[Work to be completed]: Copy the entries below exactly, but only from the line containing "Thức uống vàng" through the final line.

[Data for processing]:
+++

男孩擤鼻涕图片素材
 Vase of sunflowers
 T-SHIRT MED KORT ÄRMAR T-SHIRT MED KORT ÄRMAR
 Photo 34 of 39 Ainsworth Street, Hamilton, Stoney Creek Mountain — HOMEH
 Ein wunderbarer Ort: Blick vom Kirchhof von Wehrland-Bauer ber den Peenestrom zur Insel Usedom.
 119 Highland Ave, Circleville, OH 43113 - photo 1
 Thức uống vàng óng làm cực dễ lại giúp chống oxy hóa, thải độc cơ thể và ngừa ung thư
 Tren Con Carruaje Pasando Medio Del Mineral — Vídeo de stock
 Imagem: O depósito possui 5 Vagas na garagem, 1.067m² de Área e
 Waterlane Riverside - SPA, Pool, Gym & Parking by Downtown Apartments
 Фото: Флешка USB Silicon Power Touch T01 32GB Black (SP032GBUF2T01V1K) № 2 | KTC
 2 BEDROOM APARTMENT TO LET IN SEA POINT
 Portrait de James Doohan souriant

+++

[Result below]:
 Thức uống vàng óng làm cực dễ lại giúp chống oxy hóa, thải độc cơ thể và ngừa ung thư
 Tren Con Carruaje Pasando Medio Del Mineral — Vídeo de stock
 Imagem: O depósito possui 5 Vagas na garagem, 1.067m² de Área e
 Waterlane Riverside - SPA, Pool, Gym & Parking by Downtown Apartments
 Фото: Флешка USB Silicon Power Touch T01 32GB Black (SP032GBUF2T01V1K) № 2 | KTC
 2 BEDROOM APARTMENT TO LET IN SEA POINT
 Portrait de James Doohan souriant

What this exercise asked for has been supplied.